Andrew Thompson

SSVAE-Based Latent Control Mapping for Assistive Robotic Interfaces

Structured generative models for real-time user intent embedding and control-space customization
Andrew Thompson, Fiona Neylon, Brenna Argall | Northwestern University + Shirley Ryan AbilityLab


Overview

This project explores the use of variational autoencoders (VAEs) to learn structured latent control spaces from body-machine interface (BoMI) data. The goal is to enable intuitive, low-dimensional user intent embeddings that generalize across users and time, and to support robust control of high-dimensional robotic systems from sparse or noisy human input.

Unlike PCA-based mappings used during deployment, the SSVAE-based approach is generative and probabilistic. It allows for intent inference under uncertainty, meaningful and continuous interpolation across embeddings, and latent-level customization—capabilities that support safer and more generalizable assistive control.


Motivation

  • Improve robustness of control mappings to signal drift, fatigue, and inter-user variability.
  • Reduce calibration overhead by learning generalized motion embeddings across users.
  • Enable few-shot or zero-shot transfer of control strategies between sessions or individuals.
  • Capture control uncertainty to improve shared autonomy, safety, and intent disambiguation.

System Design

Architecture

  • Input: 8–24 channel filtered IMU signals or joystick control time windows
  • Encoder: 3-layer MLP with ReLU activations, layer norm
  • Latent space: 2–6D Gaussian embedding (μ, σ) with KLD penalty
  • Decoder: Symmetric 3-layer MLP; reconstructs control signals or time-aligned action vectors
  • Loss: ELBO with optional auxiliary losses (e.g., latent decorrelation, temporal smoothness)

Training Pipeline

  • Data sampled from longitudinal BoMI sessions (~190 total)
  • Signals preprocessed with filtering, windowing, and normalization
  • Models trained with PyTorch, Adam optimizer, and cosine learning rate decay
  • Evaluation on reconstruction accuracy, latent smoothness, and downstream control decoding

Experiments

Experiment Goal Outcome
Latent stability across sessions Assess how latent axes shift with session index Axes remain consistent across 3+ sessions with single-user training
Cross-user generalization Train on one user, test on another Latents retain structure, but decoder needs fine-tuning
Control-space mapping Latent → 6-DOF robot control mapping Mapping feasible with linear decoder or MLP; interpretable axes emerge
Few-shot retraining Fine-tune encoder with small new-user dataset Rapid convergence observed with 20–50 examples


Key Insights

  • VAE-based latents capture user-specific movement signatures in a compact and reusable form.
  • Latent spaces are smoother and more robust than PCA in the presence of sensor noise or posture shift.
  • The probabilistic nature of the model supports uncertainty-aware intent prediction, which is valuable for shared autonomy systems.
  • While not yet deployed in real-time trials, offline control decoding from the latent space has yielded promising results.
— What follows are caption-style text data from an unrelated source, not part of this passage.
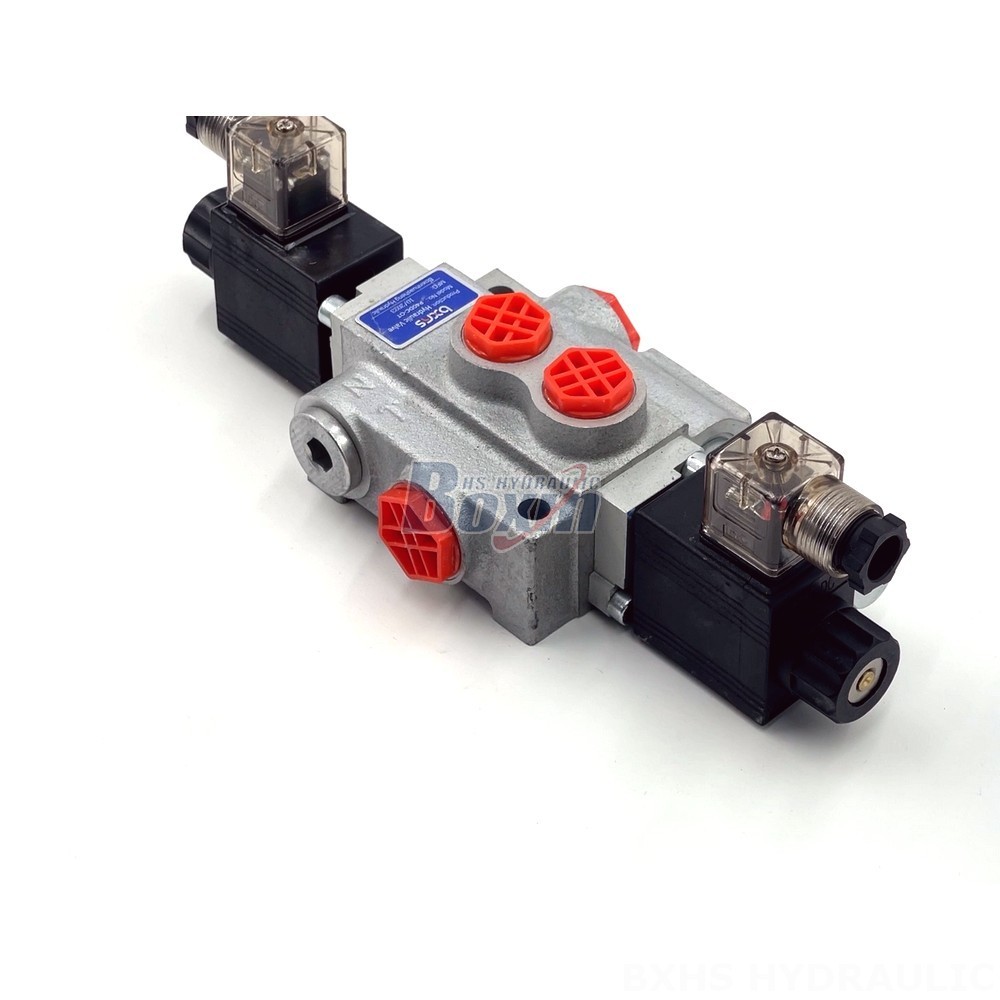P40-DKL Solenoid Valves: Engineered for Reliability & Efficiency detail image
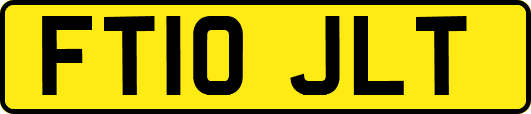 FT10JLT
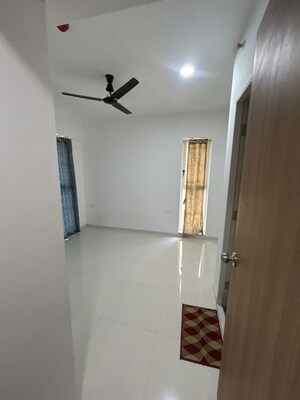 Bedroom in 3.5 BHK Apartment at Lodha Codename Premier, Dombivli East – for Rent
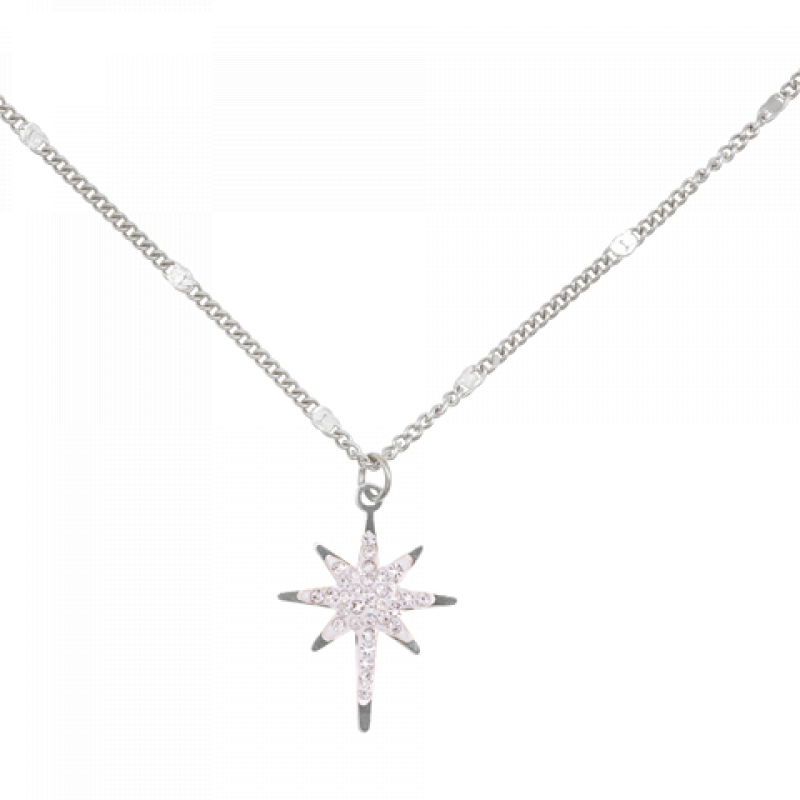Heideman Kette Donat : Silber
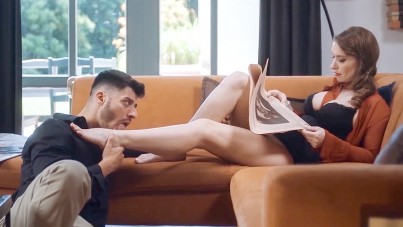 Frolicme-Sata Jones Lazy Sunday-HQPORNERO.COM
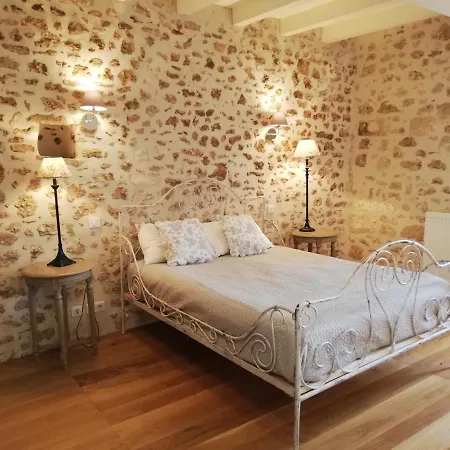 Hotel L'escapade Brantôme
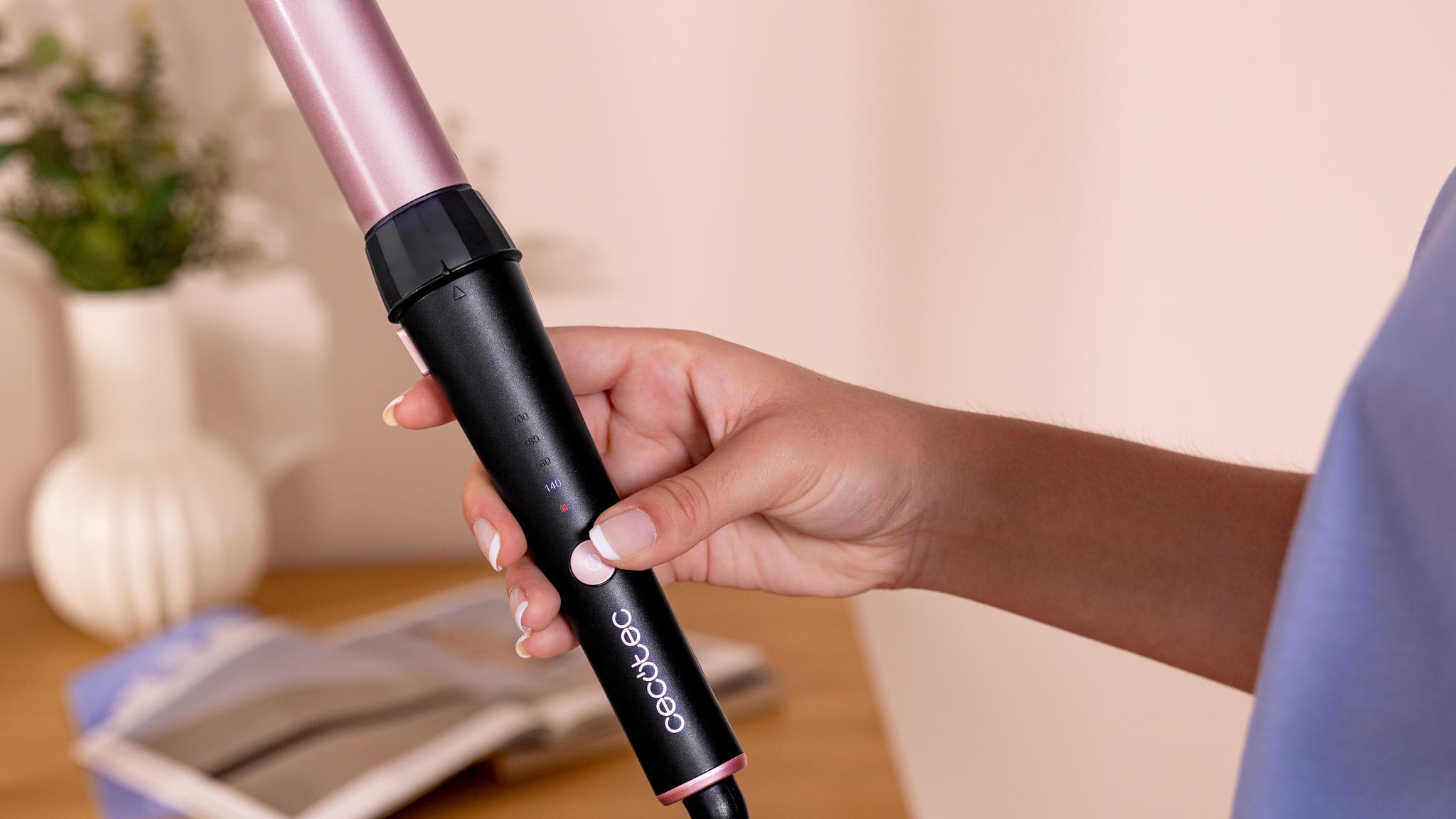 Personaliza el peinado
Additionally, ablation studies were on all of the additional cost terms to see their effect.


Relation to PCA-Based BoMI Deployment

This work builds directly on the PCA-based BoMI system used in a 190+ session longitudinal study, where we gathered data from and evaluated teleoperation performance from a cohort of 10 individuals with cervical spinal cord injuries (cSCI). The SSVAE model was trained entirely on data collected during those sessions. Whereas PCA was used for control deployment, the SSVAE supports:

  • Post hoc analysis of motor strategies
  • Improved control personalization
  • Future real-time deployment with adaptive blending

Ongoing Work

  • Incorporating temporal priors (e.g. LSTM-VAE, temporal VAE) to model motion transitions
  • Conditioning latent space with goal or task context
  • Real-time latent encoding + ROS2 interface for on-device teleoperation
  • Ablation studies on dimensionality, loss structure, and encoder architecture

Citation

Preprint (In Review):
Structured Semi-Supervised Generative Methods for Learning Robust Control Embeddings from Human Motion Data
Andrew Thompson, Fiona Neylon, Brenna Argall


Access

All models and training scripts are currently housed in private repositories. Code excerpts, latent visualizations, and sanitized motion samples are available upon request.